■ **EXERCISE DATA**

|---|

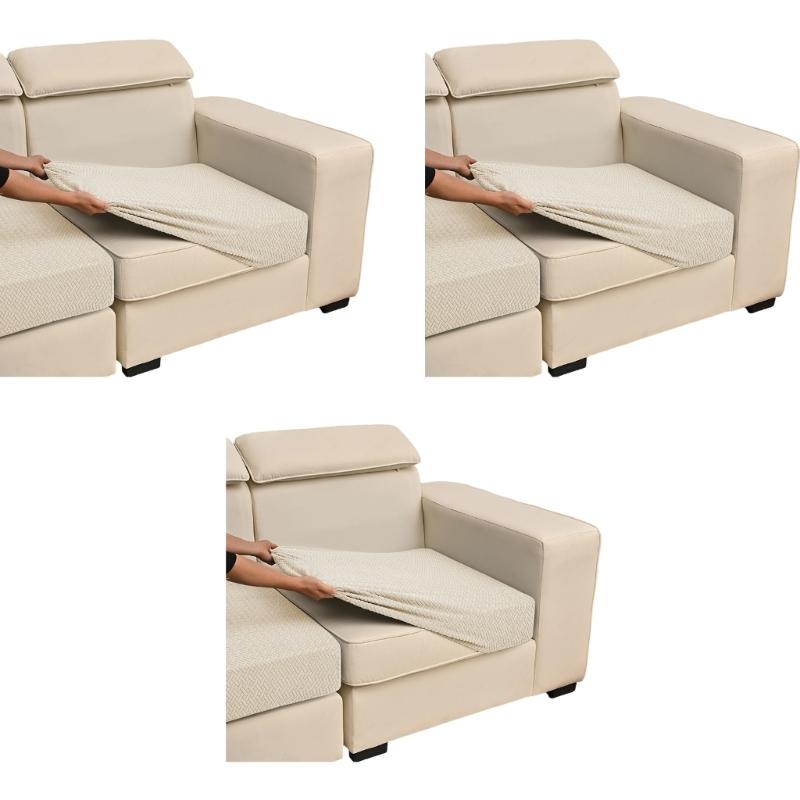 

Polyester Blend Sofa Cover Resistant to Pet Scratches Jacquard Weave for Long Time Use Daily Wear Protective белый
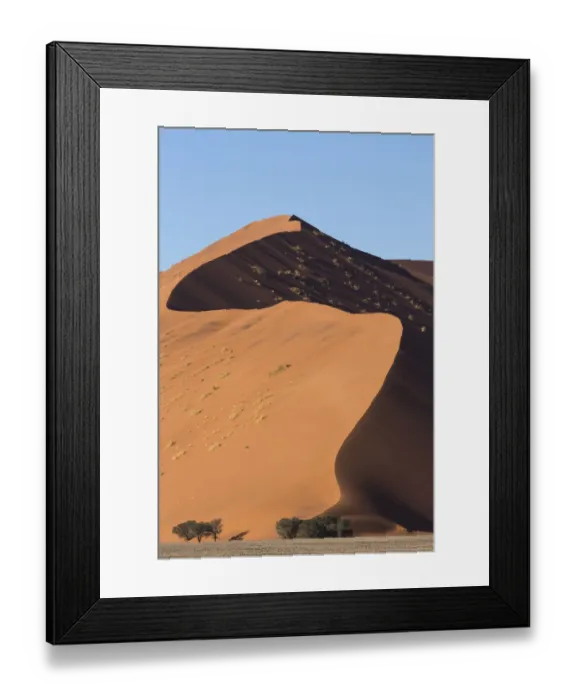 Framed Print : An s-curve on a tall orange-sand dune in Sossusvlei within Namib-Naukluft National Park Framed Print : An s-curve on a tall orange-sand dune in Sossusvlei within Namib-Naukluft National Park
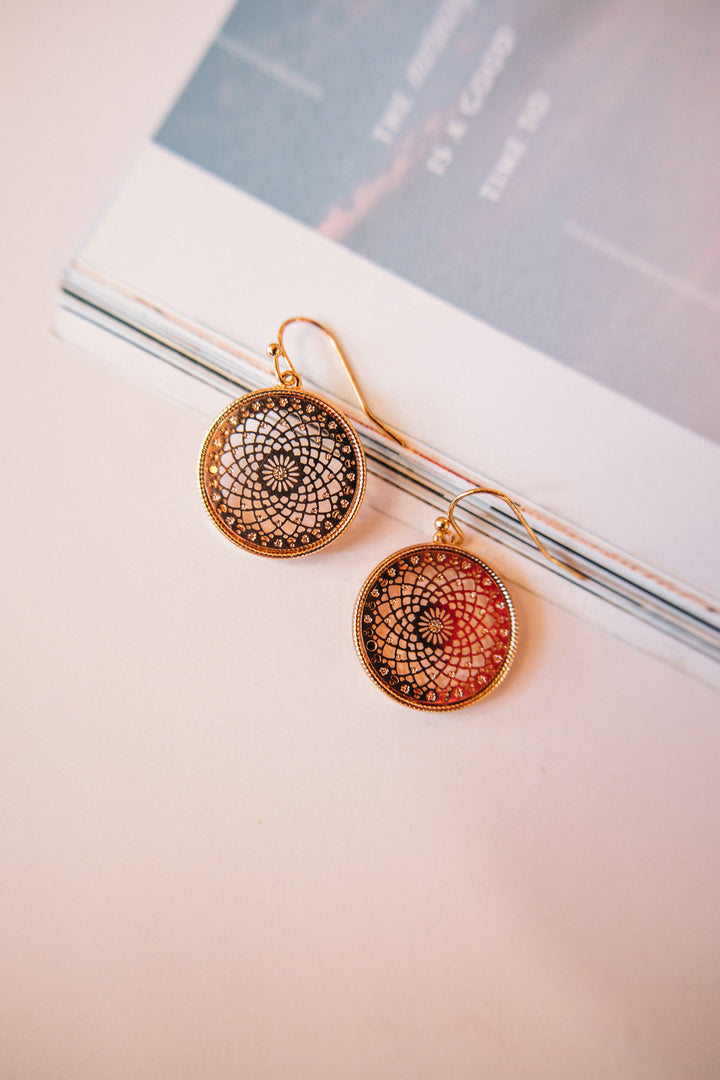Ringed Spiral Earring -Gold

|---|

■ **AIM OF THE TASK**
Restate the lines above exactly, from the one bearing "National Park Framed" through the final line of the material, both included, omitting pictures.

■ **RESPONSE TO THE EXERCISE**
 Framed Print : An s-curve on a tall orange-sand dune in Sossusvlei within Namib-Naukluft National Park Framed Print : An s-curve on a tall orange-sand dune in Sossusvlei within Namib-Naukluft National Park
Ringed Spiral Earring -Gold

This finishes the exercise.